Miejsce na Twoją reklamę
Członek Załogi
4 872
12 259
http://kulturaliberalna.pl/2014/12/02/jacek-dukaj-interstellar/ Bardzo fajny tekst Jacka Dukaja, w zasadzie nie wiedziałem gdzie to wrzucić, ale najwięcej jest o filmie (Interstellar), więc ląduje tutaj.

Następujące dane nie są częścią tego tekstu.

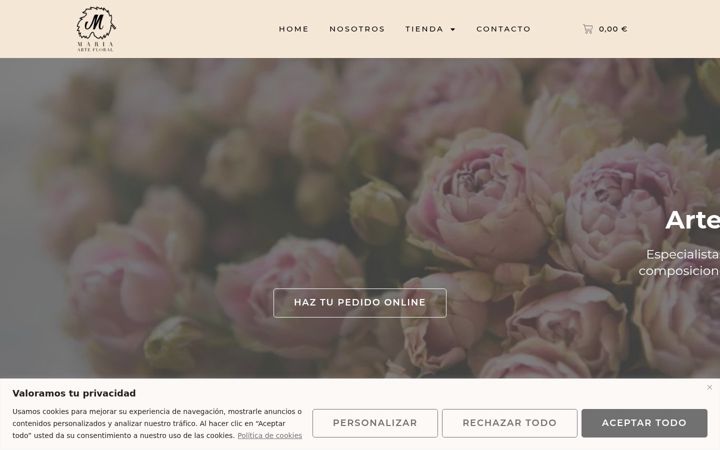 Screenshot of mariaartefloral.com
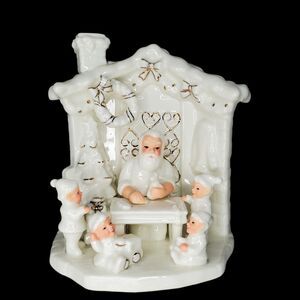 Santa Elf Toy Workshop White‎ Gold Christmas Porcelain North Pole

W środku, między innymi, potwierdzenie Ogólnej Teorii Wszystkiego autorstwa @Zbyszek_Z "superprodukcja filmowa, aby odnieść sukces, musi zawierać elementy fantastyczne" oraz wspomnienie ciekawego (moim zdaniem), niskobudżetowego s-f Europa Report podrzuconego przez @Mad.lock.
 

pampalini

krzewiciel słuszności
Członek Załogi
3 585
6 855
"Kosogłos" bardzo mi się podobał. Dopiero teraz cała seria nabrała sensu. Mam parę przemyśleń, ale nie chce mi się rozpisywać. 8/10
 

FatBantha

sprzedawca niszowych etosów
Członek Załogi
8 902
25 790
http://kulturaliberalna.pl/2014/12/02/jacek-dukaj-interstellar/ Bardzo fajny tekst Jacka Dukaja, w zasadzie nie wiedziałem gdzie to wrzucić, ale najwięcej jest o filmie (Interstellar), więc ląduje tutaj.
Generalnie narzekanie na to, że za SF uznawane są space opery i fantasy z technologicznymi gadżetami nowe nie jest. Pamiętam jeszcze felietiony Asimova, w których były zastrzeżenia wymierzone w dokładnie to samo. Podobnie z uwagami dotyczącymi zapóźnienia kina do literatury z tego gatunku. Tyle literek, a nic nowego...
W środku, między innymi, potwierdzenie Ogólnej Teorii Wszystkiego autorstwa @Zbyszek_Z "superprodukcja filmowa, aby odnieść sukces, musi zawierać elementy fantastyczne" oraz wspomnienie ciekawego (moim zdaniem), niskobudżetowego s-f Europa Report podrzuconego przez @Mad.lock.
O, a o czym to? O obradach Unioparlamentu Europejskiego w pobliżu Jowisza? O kosmo-rurkowcach żyjących pod pokrywą lodową spowodowaną zmianami klimatu?
"Kosogłos" bardzo mi się podobał. Dopiero teraz cała seria nabrała sensu. Mam parę przemyśleń, ale nie chce mi się rozpisywać. 8/10
Co to za opierdalanie się? W robocie tak rób, a nie na libnecie!

Dla mnie to jest od początku bardzo przyjemna seria, chociaż najnowszej części nie widziałem. Co prawda protagonistka jest sztywna jak pal Azji, ale z drugiej strony jest przecież tylko pionkiem. Na akapowych wyprzedażach dałaby radę.